Anyway, everyone lined up against the wall outside (and most of them did light up, thanks for asking) and took their turn, and everyone did the test with little difficulty. Some of them messed up once or twice, but the instructor always got out, set the cone back up and let the student complete it correctly. I'm guessing the reason the other students had no problem is that they either already had their temporary permits, or else they'd gotten in some other form of practice.

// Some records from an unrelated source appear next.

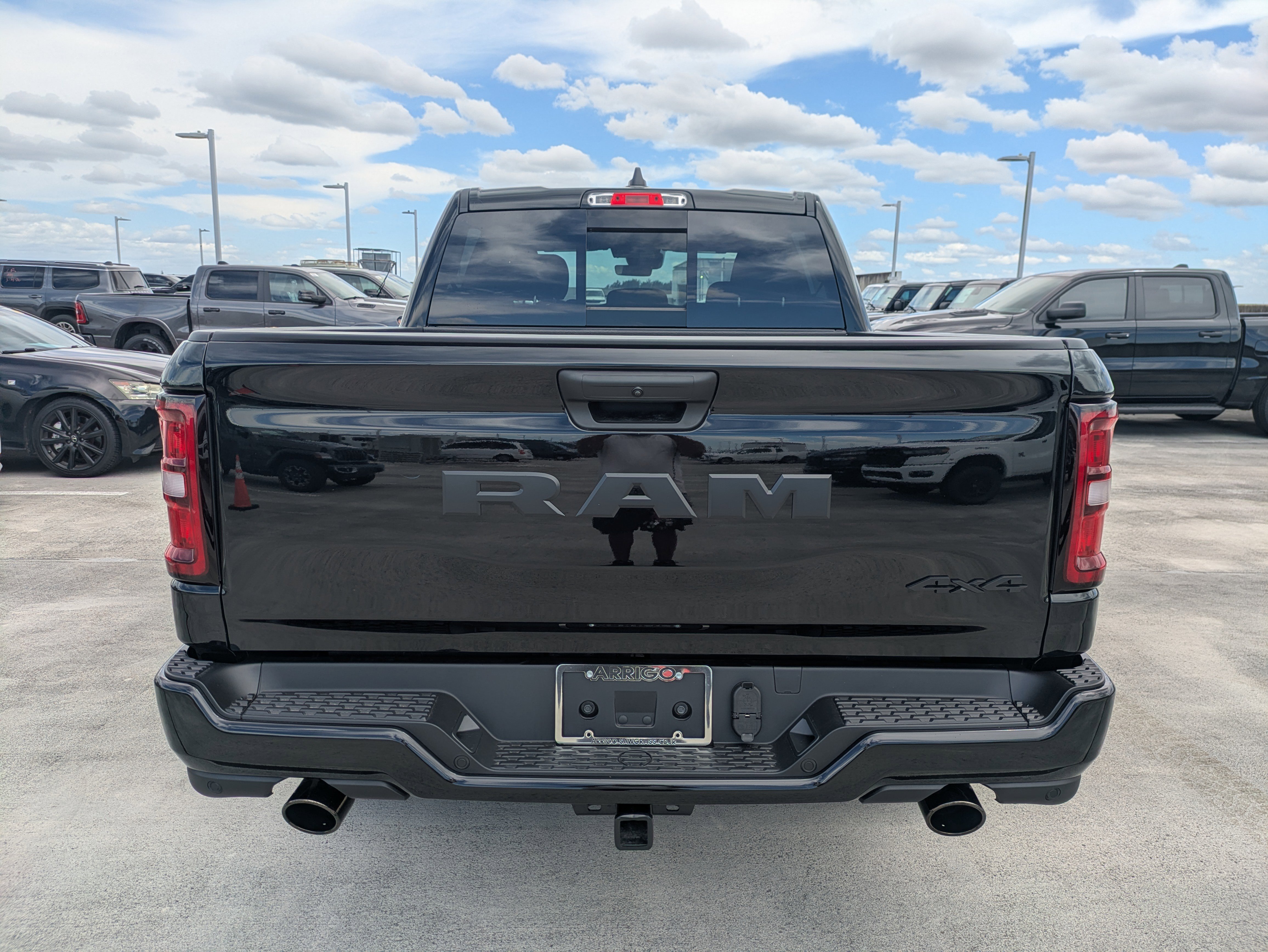 New 2026 RAM 1500 Express image 6
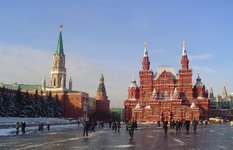 Red Square, Moscow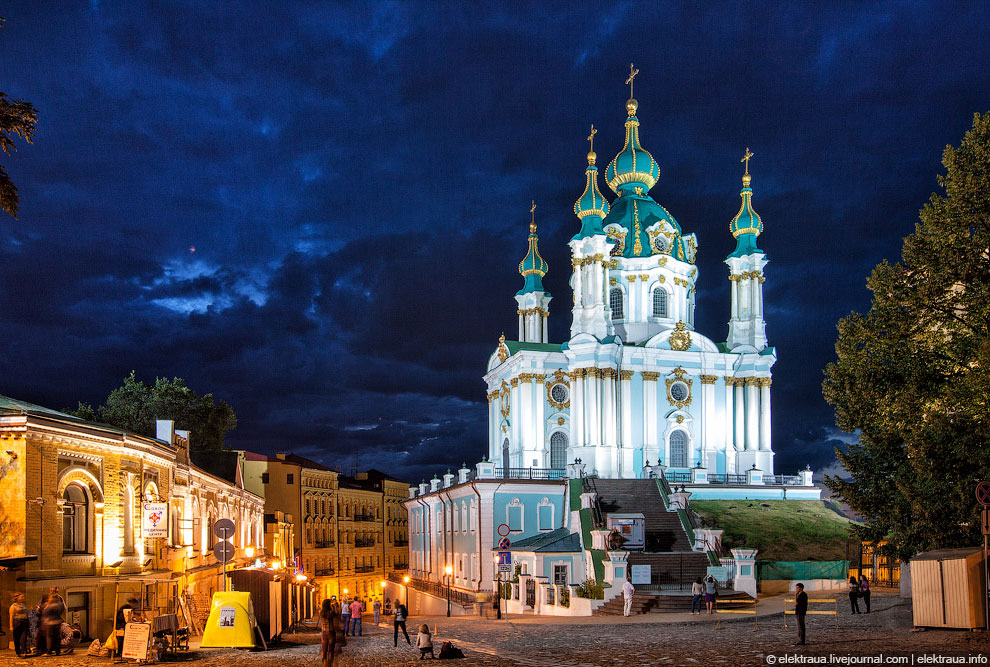 Ночной Киев (29 фото) Ночной Киев (29 фото)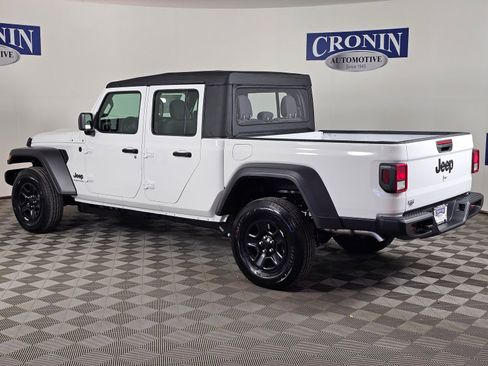 New 2026 Jeep Gladiator Sport image 3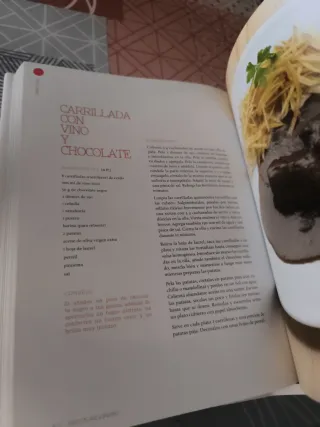 Cocina fácil y rico: Más de 600 recetas para tr...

As I told the instructor as I entered the car, the last student to take the test, I hadn't even gotten my temps yet, which I am fairly sure meant that it was illegal for me to be behind the wheel, but the instructor didn't care less. It was literally my first time behind the wheel, and I had no idea what I was doing. I lost count of how many times I screwed up, but I had to keep doing it until I got it right. I'm surprised another instructor didn't take the rest of the class back into the classroom to continue the other lessons. Finally after some of the longest minutes of my adolesence, I managed to back through the cones correctly (probably with a good deal of "help" from the instructor), and as if my goofs hadn't embarrassed me enough already, a sarcastic ovation came up from the other students as I finally completed my first humiliating attempt at operating a car.

I waited until after I completed the class time before getting my temps, since I wanted to be sure I had everything memorized for the written test needed to get a temporary permit; in truth, I could have probably passed the written test blindfolded. But after that I finally got my first road time, and as if by some cosmic signal, despite the fact that Chantelle lives more than a half-hour away from the driving school, my first real driving time came going down her street, as the previous tester lived just down the street from her and he dropped himself off at home just before I got behind the wheel. So you can imagine how those first few moments of driving felt for me.

So I finally get out of Chantelle's residential neighbourhood and onto some "real" streets to drive on, and, well, I suck. I mean, I really, really suck. I can't keep the car in its own lane, I have no clue how much to turn the wheel when making a turn, how hard to press the pedals - I was braking with my left foot for the first hour or so - I was totally clueless. Thankfully driving instruction cars have two brakes, one on the passenger's side, so what pretty much ended up happening was I applied the gas, the instructor reached over and grabbed the wheel and did the steering while I just held on limply and let him do all the braking.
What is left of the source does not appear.